Another interesting direction would be the linking of the light-sensing system developed by the UT Austin iGEM team with electrical output in S. oneidensis. In response to variations in light, the amount of electricity produced by S. oneidensis would change. This would allow for the intriguing possibility of not only S. oneidensis conveying information to the computer, but also the computer responding to the S. oneidensis. A simple example would be that in response to a chemical input, S. oneidensis may increase its electrical output. Sensing this increase, the computer could turn on or off a light directed at the S. oneidensis, modifying S. oneidensis's output, creating interesting feedback loops. This could ultimately be developed into more complex communications systems between bacteria and computers. We tried constructing this system over summer, but as the process requires making an EnvZ knockout strain of S. oneidensis, we could not finish it. We did, however, make a few parts to facilitate future attempts.
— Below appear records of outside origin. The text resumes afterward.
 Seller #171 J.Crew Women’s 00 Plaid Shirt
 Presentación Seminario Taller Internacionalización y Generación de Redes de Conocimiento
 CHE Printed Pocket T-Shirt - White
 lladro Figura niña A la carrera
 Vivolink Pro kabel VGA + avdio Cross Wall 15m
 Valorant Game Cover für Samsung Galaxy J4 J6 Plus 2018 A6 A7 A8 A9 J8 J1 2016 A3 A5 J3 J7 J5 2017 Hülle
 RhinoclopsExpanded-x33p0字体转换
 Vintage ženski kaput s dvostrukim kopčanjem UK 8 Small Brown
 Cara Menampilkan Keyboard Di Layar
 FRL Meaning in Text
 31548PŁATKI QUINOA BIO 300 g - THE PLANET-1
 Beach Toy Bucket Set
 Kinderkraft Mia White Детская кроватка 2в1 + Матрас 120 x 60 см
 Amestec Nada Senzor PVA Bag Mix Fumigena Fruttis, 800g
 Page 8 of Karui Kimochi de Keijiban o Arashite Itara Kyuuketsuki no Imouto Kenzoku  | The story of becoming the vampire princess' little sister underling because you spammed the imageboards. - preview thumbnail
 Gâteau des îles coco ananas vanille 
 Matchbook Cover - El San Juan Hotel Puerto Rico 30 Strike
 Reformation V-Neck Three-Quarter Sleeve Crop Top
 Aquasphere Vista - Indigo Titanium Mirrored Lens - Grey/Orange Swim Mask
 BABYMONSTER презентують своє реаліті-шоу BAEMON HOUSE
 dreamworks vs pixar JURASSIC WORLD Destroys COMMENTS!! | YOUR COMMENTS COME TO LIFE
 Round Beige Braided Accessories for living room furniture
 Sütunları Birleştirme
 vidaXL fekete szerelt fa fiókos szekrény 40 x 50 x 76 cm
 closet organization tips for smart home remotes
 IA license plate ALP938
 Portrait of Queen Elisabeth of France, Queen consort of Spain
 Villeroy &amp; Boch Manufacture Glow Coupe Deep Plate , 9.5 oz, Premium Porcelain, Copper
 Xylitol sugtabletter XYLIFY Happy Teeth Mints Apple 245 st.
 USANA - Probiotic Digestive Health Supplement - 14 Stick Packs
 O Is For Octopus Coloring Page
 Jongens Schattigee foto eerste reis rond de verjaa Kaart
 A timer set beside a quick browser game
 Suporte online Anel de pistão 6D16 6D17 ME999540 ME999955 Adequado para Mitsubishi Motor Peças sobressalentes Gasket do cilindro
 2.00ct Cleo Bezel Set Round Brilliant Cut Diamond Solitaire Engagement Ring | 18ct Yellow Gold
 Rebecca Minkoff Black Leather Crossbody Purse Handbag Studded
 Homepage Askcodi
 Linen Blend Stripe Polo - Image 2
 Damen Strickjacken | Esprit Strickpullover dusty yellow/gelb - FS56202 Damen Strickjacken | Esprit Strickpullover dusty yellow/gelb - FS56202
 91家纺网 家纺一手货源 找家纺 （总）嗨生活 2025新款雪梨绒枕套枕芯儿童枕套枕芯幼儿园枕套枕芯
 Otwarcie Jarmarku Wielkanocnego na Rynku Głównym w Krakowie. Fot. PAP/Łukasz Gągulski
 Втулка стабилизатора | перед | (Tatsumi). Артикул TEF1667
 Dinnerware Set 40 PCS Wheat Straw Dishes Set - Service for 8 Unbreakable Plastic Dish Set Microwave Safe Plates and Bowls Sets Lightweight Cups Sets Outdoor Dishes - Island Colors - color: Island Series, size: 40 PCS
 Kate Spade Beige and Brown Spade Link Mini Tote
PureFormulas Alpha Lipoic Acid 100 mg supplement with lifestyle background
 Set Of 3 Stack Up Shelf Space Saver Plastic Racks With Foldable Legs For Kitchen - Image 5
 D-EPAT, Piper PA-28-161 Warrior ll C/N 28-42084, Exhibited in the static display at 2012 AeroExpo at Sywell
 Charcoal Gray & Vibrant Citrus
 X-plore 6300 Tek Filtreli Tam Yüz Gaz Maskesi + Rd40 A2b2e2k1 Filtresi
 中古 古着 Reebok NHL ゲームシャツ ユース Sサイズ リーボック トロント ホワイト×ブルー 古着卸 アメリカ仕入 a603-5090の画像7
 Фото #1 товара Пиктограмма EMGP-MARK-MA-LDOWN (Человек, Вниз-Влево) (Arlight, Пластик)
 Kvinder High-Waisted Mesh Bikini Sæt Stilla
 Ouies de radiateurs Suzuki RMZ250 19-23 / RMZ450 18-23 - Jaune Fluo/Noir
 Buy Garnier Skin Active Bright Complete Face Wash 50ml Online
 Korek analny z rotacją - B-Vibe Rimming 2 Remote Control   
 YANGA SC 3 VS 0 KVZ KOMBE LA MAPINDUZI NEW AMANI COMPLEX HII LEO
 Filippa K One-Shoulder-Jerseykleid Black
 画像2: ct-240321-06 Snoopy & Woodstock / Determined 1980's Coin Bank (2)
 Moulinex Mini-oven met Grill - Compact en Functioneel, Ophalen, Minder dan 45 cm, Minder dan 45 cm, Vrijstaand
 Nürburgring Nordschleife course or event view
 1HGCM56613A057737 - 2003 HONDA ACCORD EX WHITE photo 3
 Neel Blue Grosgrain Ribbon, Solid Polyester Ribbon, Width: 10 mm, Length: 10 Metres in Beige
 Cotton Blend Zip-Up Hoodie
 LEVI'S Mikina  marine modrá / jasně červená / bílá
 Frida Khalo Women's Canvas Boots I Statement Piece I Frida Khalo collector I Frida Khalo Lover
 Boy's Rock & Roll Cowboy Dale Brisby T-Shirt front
The possibilities are further broadened by our observations of co-cultures of E. coli and S. oneidensis. Either of the systems described above could be pursued through an alternative alternative strategy of co-cultures. For instance, an array of E. coli which respond to different chemicals by breaking down lactose into lactate could be cultured with S. oneidensis. In response to an increase in lactate, S. oneidensis would begin to produce higher levels of electricity. Co-cultures could also allow for more complex bacteria-computer interactions. This strategy could enable the coupling of almost any E. coli ability to electrical output.

These future directions in which our research can be taken demonstrate some of the exciting possibilities of BACTRICITY!